Dubious pink pills and dodgy infidelity websites: this week has been a showcase of the things spouses reach for so they can avoid talking to each other about the sex they'd actually like to be having together.
On Tuesday, the FDA approved flibanserin, dubbed "the female Viagra" to boost women's desire. Sprout Pharmaceuticals will release the drug, marketed as "Addyi," in October in the United States – this despite its paltry efficacy (0.7 more "sexually satisfying events" a month than a placebo) and troubling side effects like low blood pressure and fainting. Unlike with Viagra, women will have to take the drug daily and refrain from drinking while on it.
A tidal wave of sex researchers and educators expressed their dismay on Twitter following the FDA's approval of Addyi. The big problem, they argued, is that the drug medicalizes a problem that isn't there: women's desire isn't by nature spontaneous and out of the blue; instead, we respond to pleasure in low stress and highly affectionate environments – something no pill will offer.
Still, plenty of women welcomed the thought of a magic pill that fixes sexless marriages. Even more men envisioned an army of randy women to contend with (take a second look at those efficacy rates, bros, and keep dreaming).
Also on Tuesday, hackers released the private data of 32 million cheaters using the Toronto-based dating website Ashley Madison. The dump included names, street and email addresses, payment transactions and sexual fantasies, including "erotic tickling" and "bubble baths for two."
So why is it so much easier for people to divulge to a rando rather than a spouse that (clichéd as it is) they'd like to be greeted at the front door in lingerie from time to time? Why is it seemingly easier to pop a serious drug than to talk to your husband about what turns you on?
Talking about sex – even good sex – is still a daunting prospect for many North American husbands and wives. With a dearth of quality sexual education here, openly and honestly discussing sex remains a no-fly zone in most spousal conversations, this as porn downloads and Ashley Madison membership numbers are staggering.

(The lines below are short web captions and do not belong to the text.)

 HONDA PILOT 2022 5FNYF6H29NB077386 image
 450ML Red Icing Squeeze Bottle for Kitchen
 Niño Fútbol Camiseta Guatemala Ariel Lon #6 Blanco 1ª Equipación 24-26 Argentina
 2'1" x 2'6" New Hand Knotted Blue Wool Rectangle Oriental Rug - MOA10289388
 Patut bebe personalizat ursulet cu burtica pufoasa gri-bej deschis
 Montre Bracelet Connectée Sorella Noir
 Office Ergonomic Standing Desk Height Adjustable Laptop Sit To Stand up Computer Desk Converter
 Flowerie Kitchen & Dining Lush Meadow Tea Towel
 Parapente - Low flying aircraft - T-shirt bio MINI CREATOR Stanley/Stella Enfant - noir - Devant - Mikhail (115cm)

Today, the best sex therapists are encouraging their patients in long-term committed unions to speak in very practical terms about what it is they actually want in bed: Bad sex leads to no sex, they point out, so find out what you find pleasurable and convey that.
Esther Perel, therapist and author of Mating in Captivity, a pivotal book on domesticity and sexual desire, is challenging her patients in online workshops with questions like what they'd like to experience sexually and what inhibitions and blocks hold them back. In an interview with the Globe last year, Perel urged couples to start "making efforts, stretching."
Easy? No. But surely better than low blood pressure, or your penchant for cuddly bubble baths with strangers being known the world over.